I wanted to know how to obtain Historical Data for
1) Companies , P/E and other fundamental data… such as the data listed on the Key statistics page on yahoo.
2) How to download other macro economic data such as the FED interest rate, unemployment rate… for this i guess we need to scrape the data from the web page..
can you help me on this..
thanks
Divakar
Hi Div – thanks for writing.
If you can find the metrics on the web, you can easily grab them with Matlab. Of course the trick is finding what you’re after.
For most backtesting involving metrics beyond just price high, low, open, close, and volume, I’ve never been able to go back beyond about 10 years b/c that’s about all I can find for free.
As I mentioned in the post, I once inquired about purchasing Compustat in order to have more than just historical price. But it’s outrageously expensive for a private individual. Perhaps your university business department has access?
Hi Lumi
Thanks for the reply.
Yeah i found out that my university business dept has access to compustat. However since i am an eng student i wont have the access to that. I will find a way to work around that. Thanks for pointing it out. I would want to clarify more doubts. if you are ok , can u share ur email id so that i can write too you rather than posting it on ur posts? I know you are busy but your help will be of immense use to me.
Thanks
div – sohamm@gmail.com
Hi Lumilog,
I tried to use your cde to download IBM historical data. I ran into some error I couln’t understand.
I typed get_hist_stock_data(‘IBM’) in the command window, It created a 1530X1 cell of dates strings from 2004-09-27 till todate.
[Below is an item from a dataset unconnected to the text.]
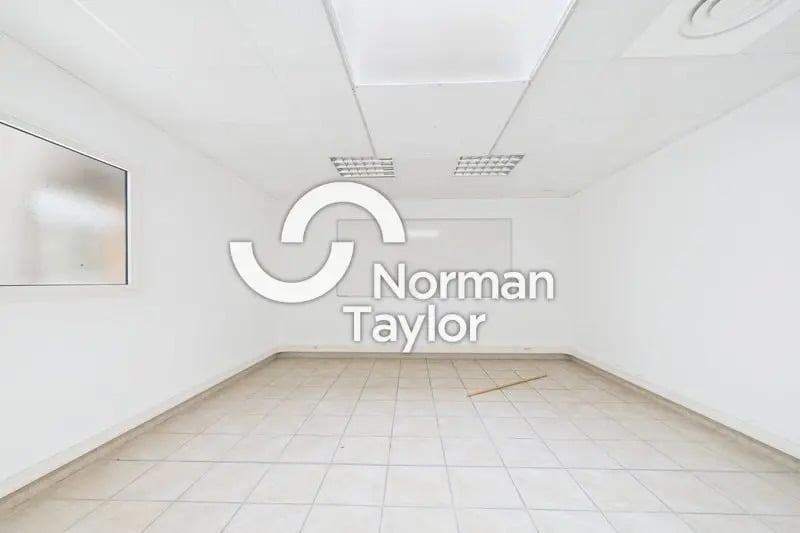 Office in Montpellier for lease Interior Photo- Image 1 of 13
Could you please inform where I have gone wrong ?
Hi Sunil – you just need to call the function in a different way, otherwise you only get the first return argument and not all of them. Try:
[hist_date, hist_high, hist_low, hist_open, hist_close, hist_vol] = get_hist_stock_data(‘IBM’);
It works now. Thank you so much.
It was a silly mistake and proves that I am getting rusty using Matlab.
Hi Lumilog,
I was looking for a website to download stock time series data going back 5 years when I came upon this great blog…No long ago I did fMRI research to analyze time-series data, and realized while I was doing it that I could probably perform the same or similar statistical analyses to stock time series data to do forcasting–I never got a hold of MATLAB to do my analyses, but wonder where I could download a free copy of the latest version and then try your script for downloading time series data for technology sector stocks from yahoo.finance.
In any case, it would be great to communicate with you through email to find out more about data pre-processing steps. For fMRI data, there are a series of steps I go through before analyzing the time series–I’m not sure if the assumptions (e.g. normal distribution, homogeneity of variance, etc.) for analysis of stock time series data are different from these and if they require different pre-processing steps as a result (detrending, removing outliers, etc.)
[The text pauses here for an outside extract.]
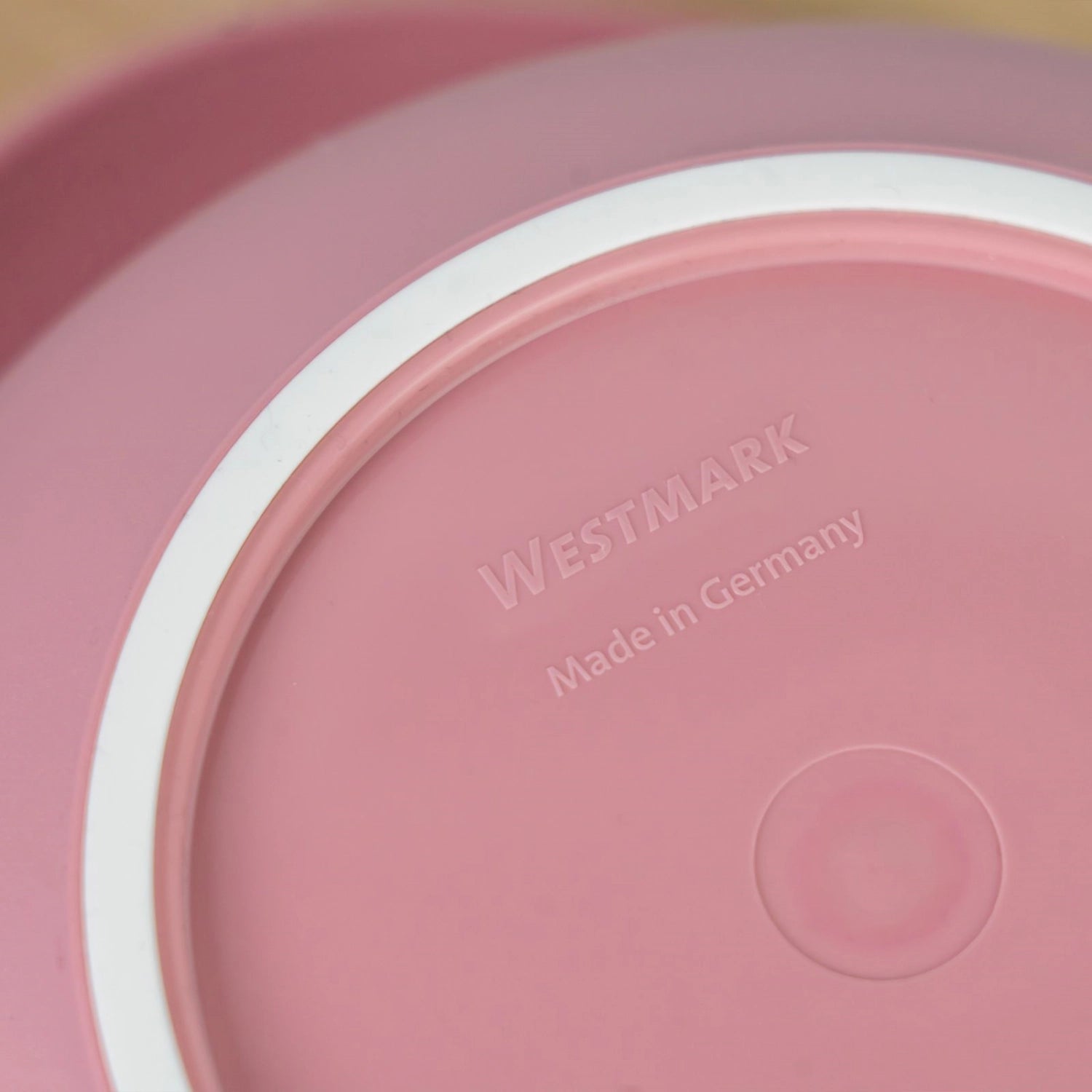 Praktische Rührschüssel in sanftem Rosa von Westmark, perfekt zum Mischen und Zubereiten von Zutaten mit einem Fassungsvermögen von 3,5 Litern.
I appreciate your blog and look forward to hearing from you soon, as your help will go a long way for me.
Best,
Lee
Thanks for writing Lee. Unfortunately I know of no free Matlab versions. In the beginning of my research when I didn’t want to pay for matlab, I used a free Java compiler instead (netbeans). It worked but was a little cumbersome since I didnt have lots of experience with Java. Ultimately I decided to bite the bullet and buy my own personal matlab license though to save time.
The preprocessing steps you mention for fMRI sound almost identical for analyzing market time series, so I guess they are common to all llinear regression and autoregressive models. Other common steps include differencing the data or working with % change instead of $ change and taking natural logs to convert exponential growh rates into linear ones for proper regression.
Please feel free to email me at any time. See my “About” page link at the top of this page to get my email address (trying to avoid spam by posting it exactly).
Best,
Lumi
could you please help as to how to load the fmri data on ma comp using spm toolbox in matlab
Thank you for your short tutorial- I can’t wait to get off work now and mess around with Matlab. I had no idea (but I’m not suprised) that Matlab can use java so easily. My class was given a simple problem to convert different world currencies into US dollars, and with this method I can easily get the data from the web instead of relying upon a static index. I don’t know why this sounds like so much fun.
Yesterday, I found out about sptool, today I find out about Java, tomorrow… maybe a winning lotto number function?
Thanks again.
karthik – no experience with spm toolbox. maybe lee will check back with us and respond…
john – thanks so much for stopping by and leaving a comment. maybe you can fuse the signal processing with currency trading and make a bundle. i’m sure there is more than one way to use an FFT. keep us posted!
-lumi
Felt like I have to leave a comment for taking advantage of your great work. This is an excellent tool that I will make good use of in my Risk Management course at my university. I’ll myself work on a tool that takes two time series and match the dates between them and post a link to it here later.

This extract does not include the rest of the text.